Almansa DOP
- Almansa DOP in the province of Albacete in the region of Castile-La Mancha
- Official name: D.O.P. Almansa
- Type: Denominación de Origen Protegida (DOP)
- Year established: 1966
- Country: Spain
- Size of planted vineyards: 7,200 hectares (17,792 acres)
- No. of wineries: 12
- Wine produced: 39,841 hectolitres
- Comments: Data for 2016 / 2017

= Almansa (DO) =

Almansa is a Spanish Denominación de Origen Protegida (DOP), known for its red wines, located in the southeast of the province of Albacete (Castile-La Mancha, Spain), in the transition zone between the high central plateau (La Mancha) and the Mediterranean Sea. The vineyards are mostly around the towns of Almansa, Alpera, Bonete, Corral-Rubio, Higueruela, Hoya-Gonzalo, Pétrola and El Villar de Chinchilla.

==History==
During the Middle Ages, Almansa was a frontier region between Moorish and Christian kingdoms. Almansa Castle (Castillo de Almansa) was built by the Moors to protect the Vinalopo Valley (Valle de Vinalopó) which was for a long time the frontier between the Christian kingdoms of Castile and Aragón.

==Climate==
The climate is continental (long, hot summers, cold winters).

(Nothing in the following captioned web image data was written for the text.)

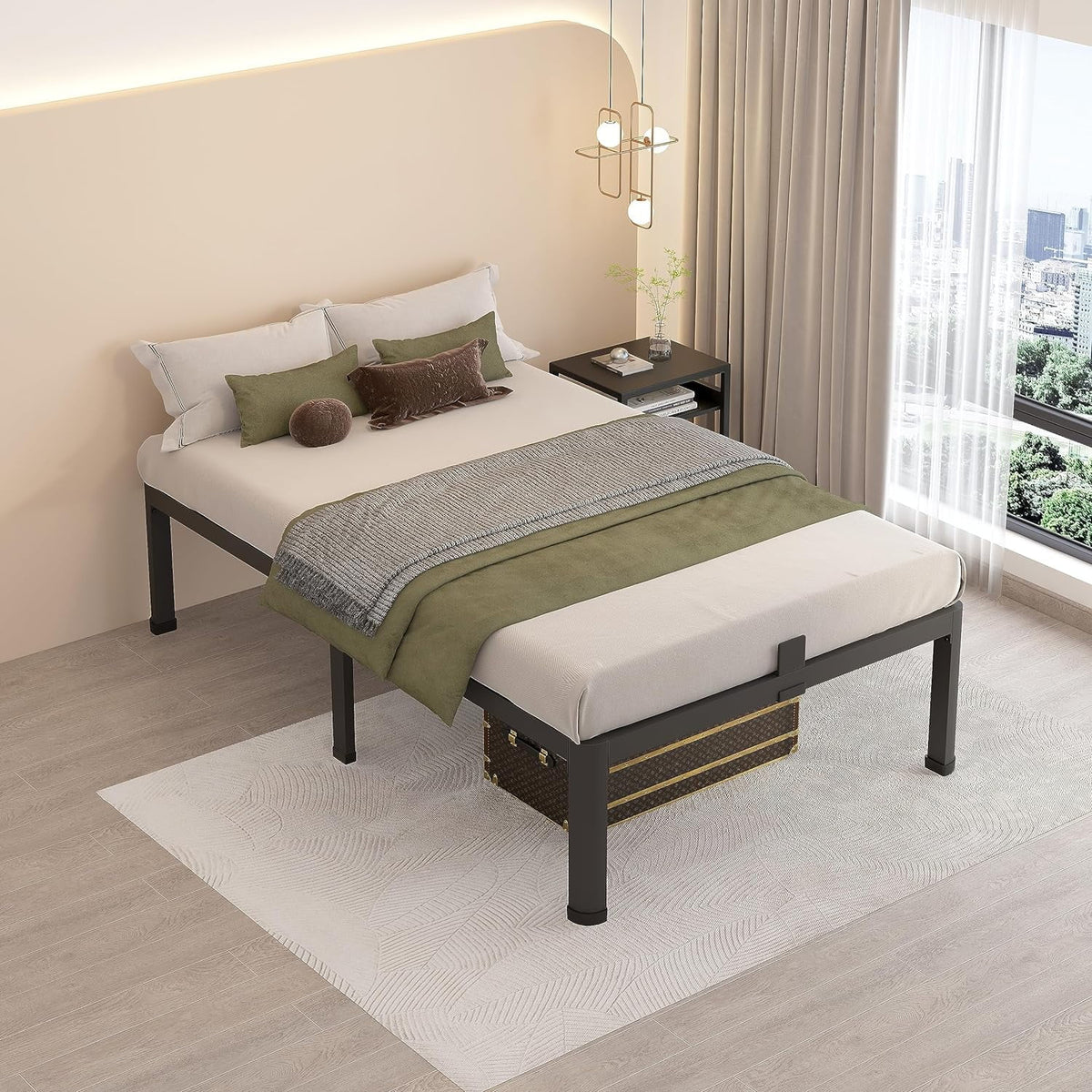 12 Inch Twin Metal Platform Bed Frame with Steel Slats F219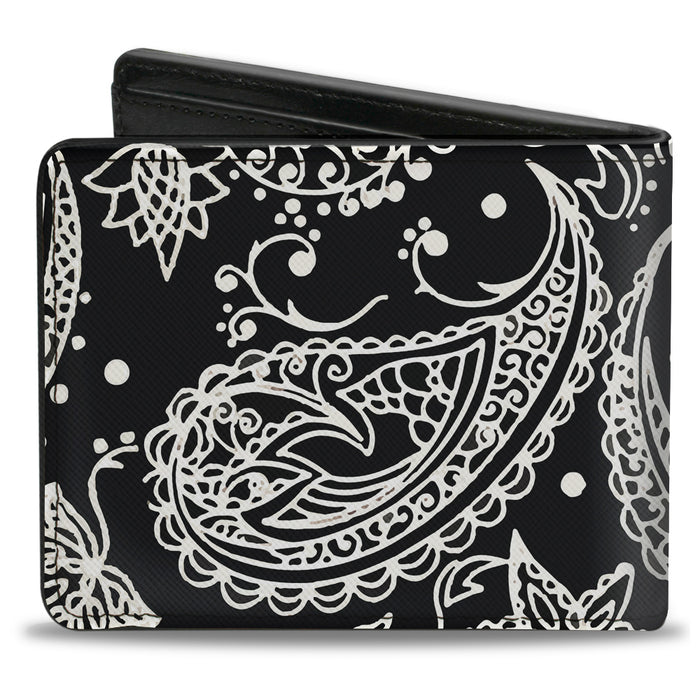 Bi-Fold Wallet - Floral Paisley Black White Bi-Fold Wallets Buckle-Down   
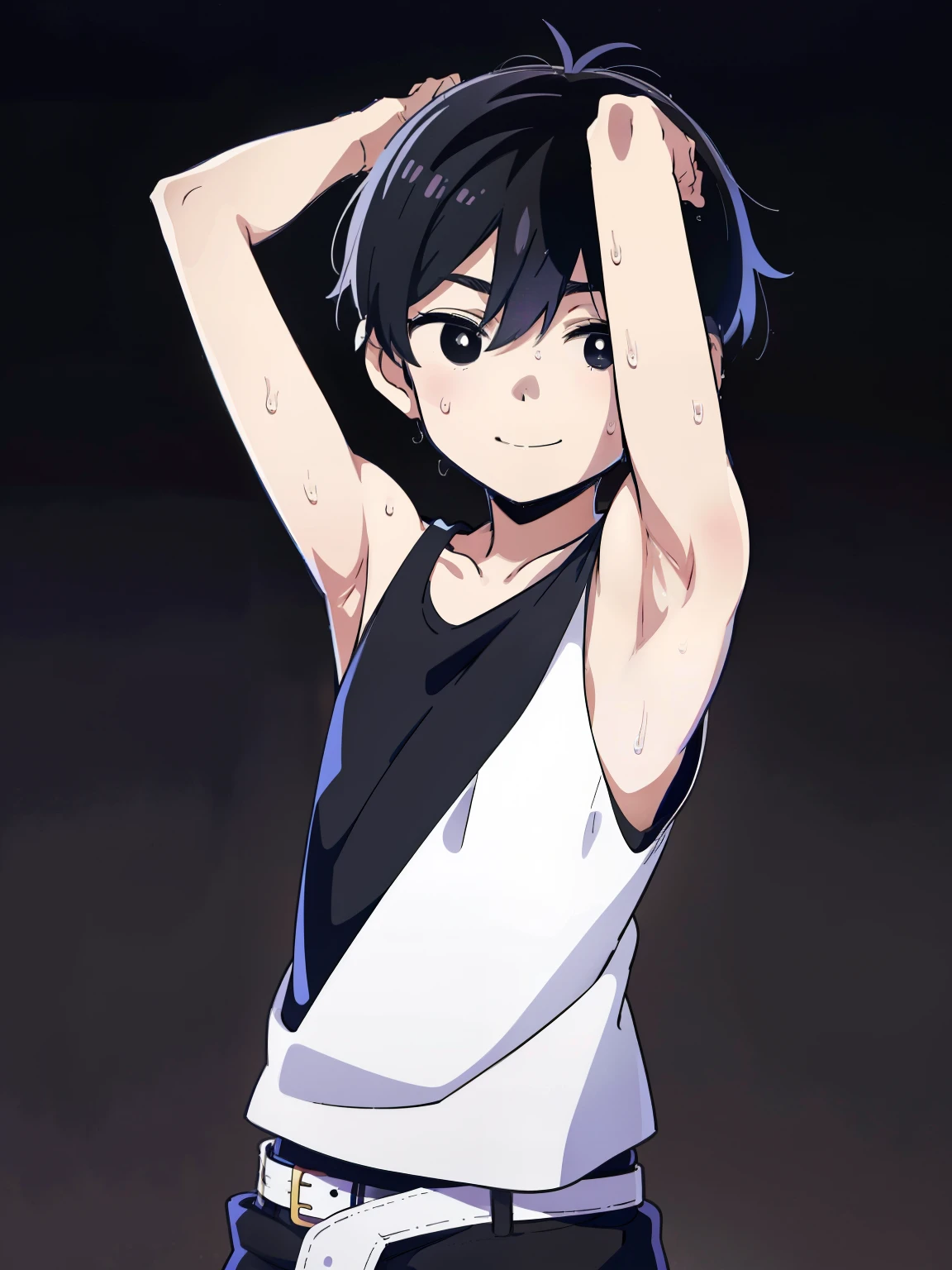 Highres, Masterpiece, Best quality at best,Best Quality,hight quality, hight detailed, Anime style, 1boy, Shota, young boy, Solo person, Omori, omorisunny, black hair,bright pupils, outline, white pupils, white outline, look at viewer,Tank top, Bare shoulder, belt, flat chest, smile, upper body, Grey beckground, Seen from the front, (Showing armpit:1.3), (very young boy), (very small and short body), simple beckground, hansome boy, Uhd, bokeh, sweat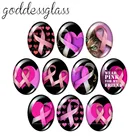 Розовая Лента Рак молочной железы Ювелирные изделия 10 шт. смешанные 13x1 8 мм18x2 5 мм30x40 мм Овальный фото стекло кабошон демо с плоской задней частью, украшения своими руками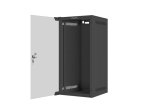 Комуникационен шкаф Lanberg rack cabinet 10" wall-mount 12U/280x310 (flat pack) with glass door black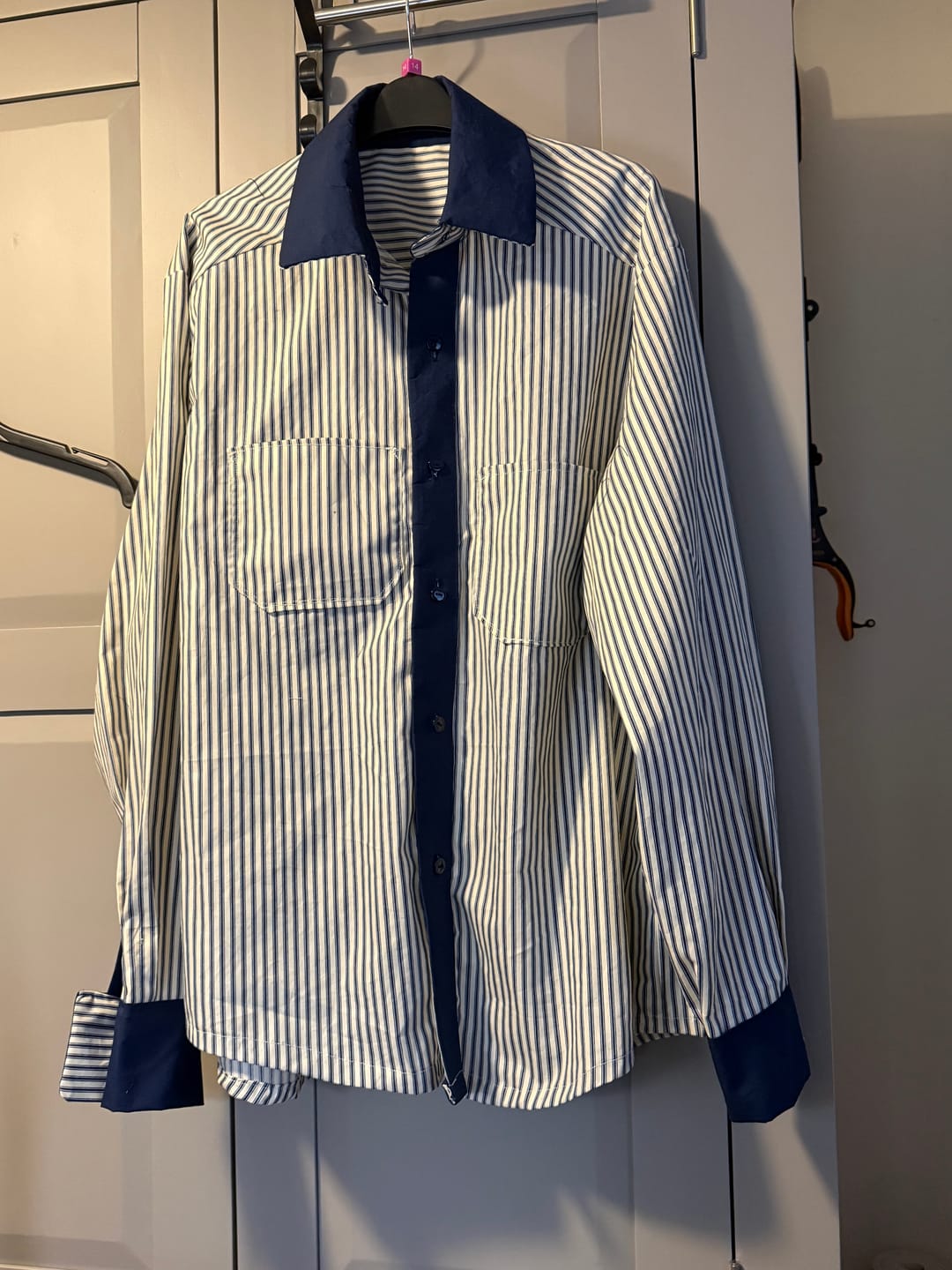 Customer photo review of Ticking Stripes Rose & Hubble Cotton Poplin Fabric
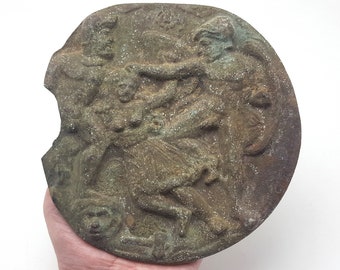 Collectable Ancient Old Roman Greek Rare Era Aphrodite & Eros Bronze Mirror Plate #CP338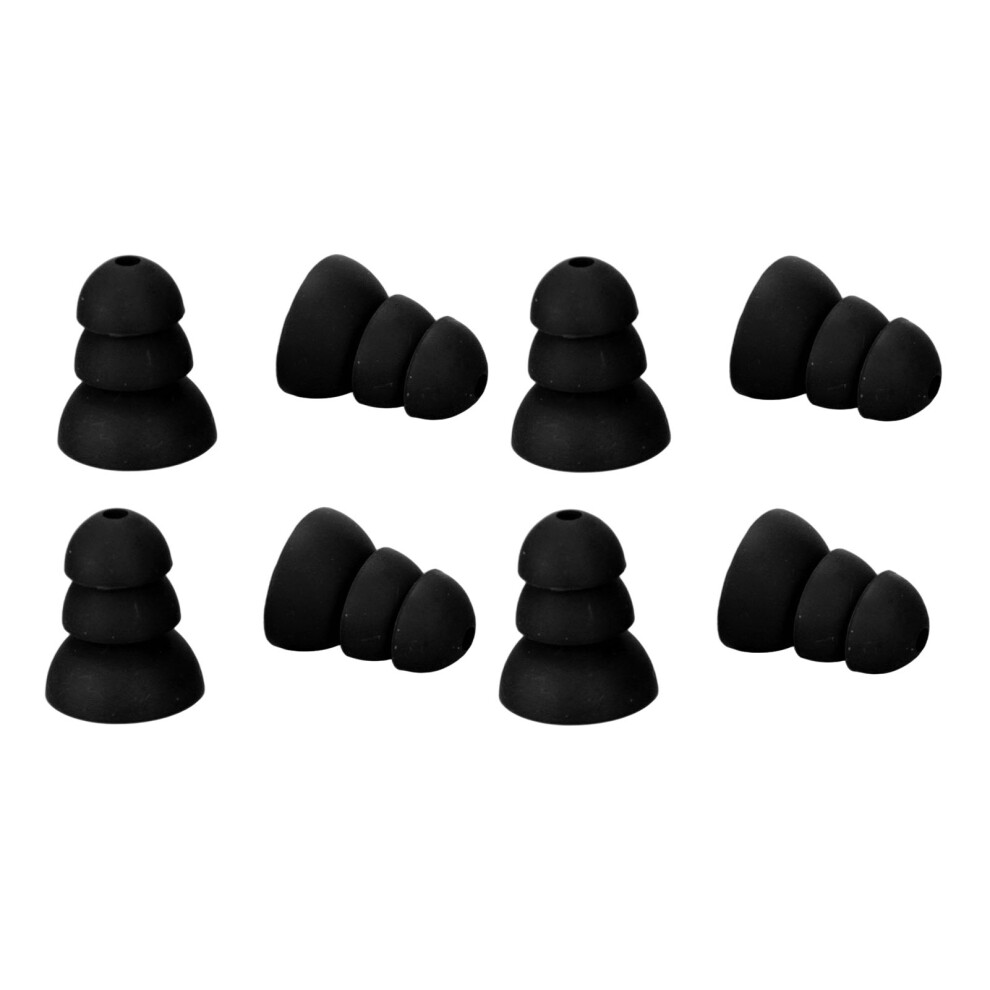 8pcs Hearing Aid Ear Tips 3 Layer Soft Silicone Replacement BTE ITE Pocket Hearing Aids Earplug DomesBlack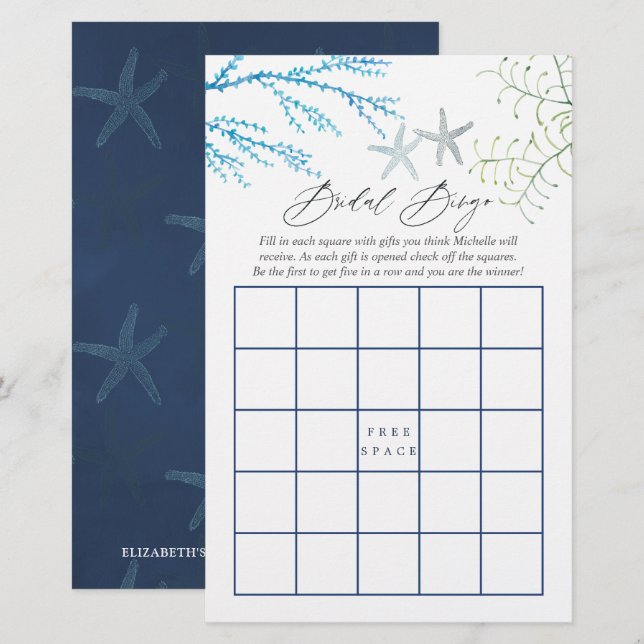 Sjögräs Nautical Shower Bingo Game (Fram/baksida)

Rainfall is sparse (350 mm per annum) and sporadic usually in spring and autumn in the form of violent storms, often in the form of hail. Temperatures can reach 38 °C in summer and −6 °C in winter.

==Soil==
Most of the vineyards are on flat land at altitudes of between 700 and 1000 m above sea level, comprising permeable lime-bearing soils that are poor in nutrients.

==Grapes==
The authorised grape varieties are:
- Red: Monastrell, Cencibel, Garnacha Tintorera, Garnacha, Cabernet Sauvignon, Merlot, Syrah, Petit Verdot

- White: Verdejo, Chardonnay, Sauvignon blanc, Moscatel de Grano Menudo

The vines are planted with a maximum density of 1,600 vines/ha.